The federal Historic Tax Credit was originally enacted in the form of a credit in 1981 as part of a Reagan Administration economic stimulus package. It encourages the preservation and adaptive reuse of certified historic and older buildings. The HTC is administered jointly by the National Park Service (NPS) and the Internal Revenue Service (IRS) and is comprised of a 20 percent credit , payable ratably over five years. The 20 percent credit applies only to certified historic structures, including buildings that are listed individually on the National Register of Historic Places, or contribute to the significance of National Register Historic Districts.

How to Use Historic Tax Credits

To qualify for either the historic tax credit, the rehabilitation must be “substantial”. A substantial rehabilitation means that a taxpayer’s Qualified Rehab Expenditures during a 24-month or 60-month measuring period (for a phased project) must exceed the “adjusted tax basis” of the building or $5,000, whichever is greater. The adjusted basis is generally defined as the purchase price, minus the cost of the land, plus the value of any capital improvements made since the building acquisition, minus any depreciation already taken. Eligible properties must be income-producing to qualify for historic tax credits; therefore, owner-occupied residences are not eligible.

To qualify for the 20 percent credit, the rehabilitation must also be certified as conforming to the Secretary of the Interior’s Standards for the Treatment of Historic Properties. This certification is achieved by completing a three-part application process which is reviewed first by the state historic preservation office (SHPO) and then by the National Park Service (NPS).

  • Part 1 makes the case for National Register property listing or verifies that a property is a contributing structure in a National Register District;

  • Part 2 summarizes the scope of the rehabilitation; and

  • Part 3 documents that the work has been done as proposed in the approved Part 2.

The compliance and recapture period for the federal historic credits is five years from the date the property is placed in service. Twenty percent of the recapture risk burns off every year.
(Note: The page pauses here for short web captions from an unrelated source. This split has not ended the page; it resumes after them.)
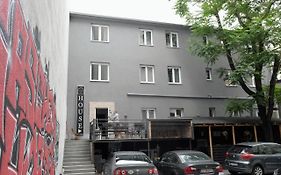 My Way House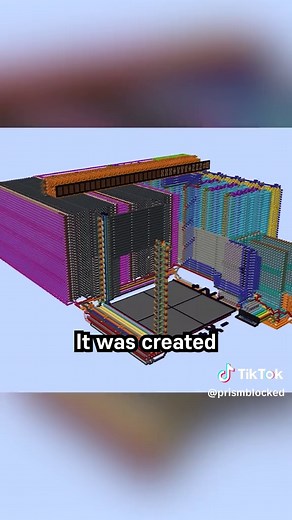 3D Graphing Calculator In Minecraft By @mattbatwings#Minecraft | minecraft in minecraft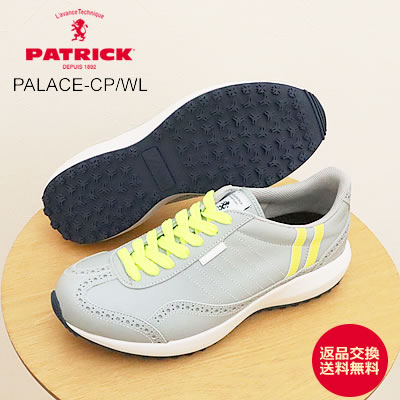 6/18ꡪP20.5ܡ100ݥȥХåʸ̵PATRICK ѥȥå PALACE-CP/WL ...
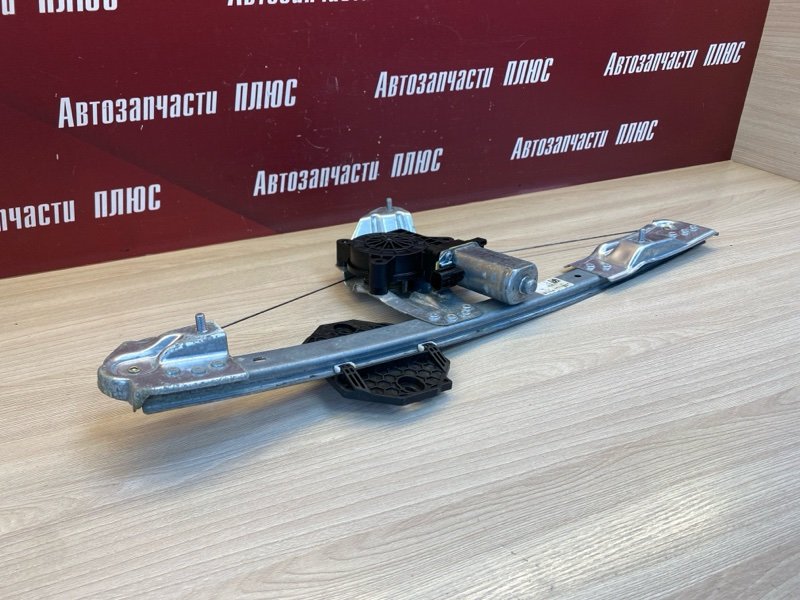 Стеклоподъемник    двери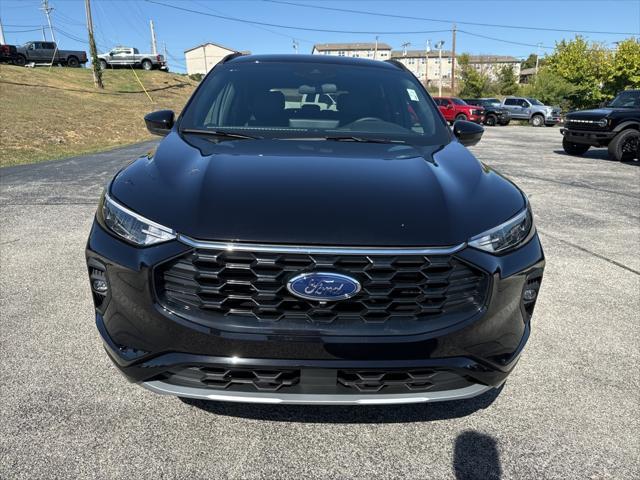 new 2024 Ford Escape car, priced at $38,390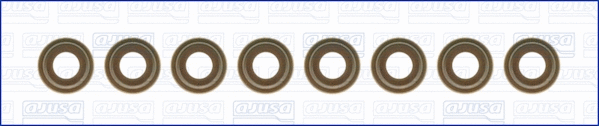 Seal Set, valve stem (57015800)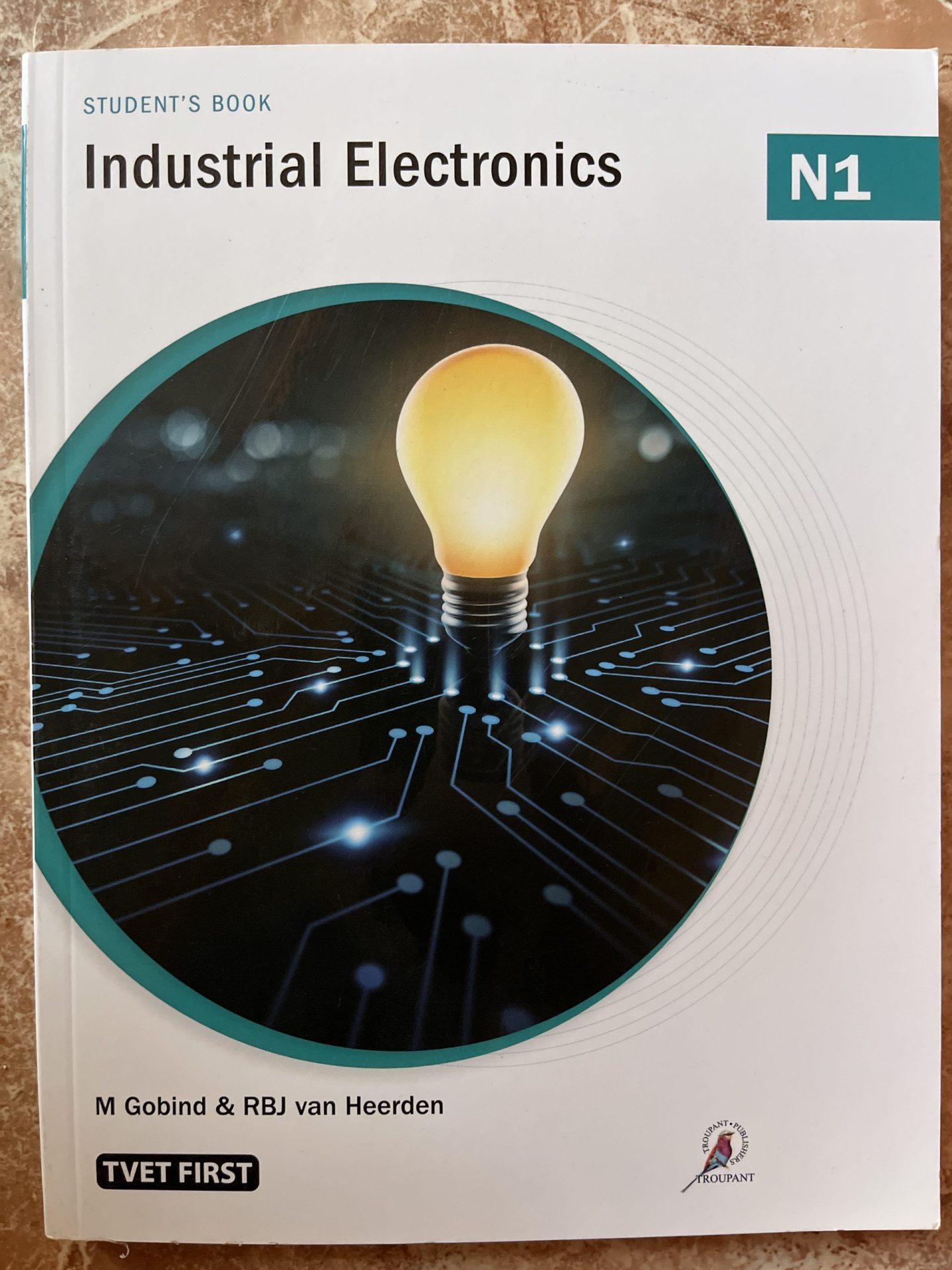 Industrial Electronics N1 Industrial Electronics N1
According to National Park Service data, the HTC created approximately 48,000 buildings over its lifetime. Nearly 2.4 million jobs have been created over the life of the program. Furthermore, taken over the life of the program, the HTC is responsible for over $122.8 billion in new investment in our urban and rural communities. The cost of the HTC program is more than offset by the federal taxes these projects have generated. In sum, the HTC ensures the preservation of our nation’s historic places, and it does this while creating jobs and increasing federal tax revenue.